The court in Guiyang, southwest China, swiftly tried Chen and declared him guilty of "inciting subversion of state power", and said he deserved a tough sentence of a decade in prison, his wife, Zhang Qunxuan, told Reuters.
"The judge said this was a major crime that had a malign impact and he was a repeated offender," Zhang said by telephone.
"When the court announced the verdict, Chen Xi said he would bow to the decision and would not appeal, but insisted that he was innocent," she added.
"The court ignored all the points raised by the defense lawyer at the trial, so what point is there in appealing?," said Zhang.
Chen Xi, 57, was convicted over 36 essays critical of the ruling Communist Party that he published on overseas Chinese websites, said Zhang.
An official at the Guiyang People's Intermediate Court telephoned by Reuters declined to give any information or to give contact details for the division of the court that tried Chen.
"Inciting subversion" is a charge often used to punish dissidents critical of the Communist Party, and China's party-run courts rarely find in favor of defendants in trials, especially for political charges.
The Communist Party leadership is preparing for a leadership handover late next year, when its long-standing focus on fending off political challenges is likely to intensify.
The long sentence comes days after another dissident -- Chen Wei from Sichuan province in southwest China -- was jailed for nine years on similar charges of "inciting subversion". Chen is a common family name in China, and the two men are not related.
Liu Xiaobo, who was awarded the 2010 Nobel Peace Prize, was convicted on December 25, 2009, and jailed for 11 years for inciting subversion.

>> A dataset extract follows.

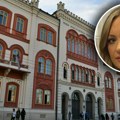 SAZNAJEMO Senat Beogradskog univerziteta još ne priznaje novu dekanku Medicinskog fakulteta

In March this year, the dissident Liu Xianbin was also jailed for 10 years on subversion charges.
Police held hundreds of dissidents, rights activists and protest organizers in a crackdown on dissent this year, when the Communist Party sought to prevent the possibility of protests inspired by anti-authoritarian uprisings in the Arab world.
Chen Xi, however, was arrested only last month after being released from a week-long detention triggered by his campaigning for independent candidates seeking to win places in the party-controlled People's Congress assemblies, said Zhang.
Police confiscated his computer, which was apparently used to obtain the evidence used to convict him.
Chen is a former soldier and factory worker who was jailed for three years for his support for 1989 pro-democracy protests that ended after troops crushed demonstrations, said his wife.
He was again jailed in 1996, but since his release in 2005 had been an organizer of a citizens' human rights forum in Guiyang.
China uses a "firewall" of Internet filters and blocks to prevent citizens from reading web sites abroad deemed to be politically unacceptable or socially unsound.
But many rights activist use technology to break through those obstructions and publish on uncensored websites.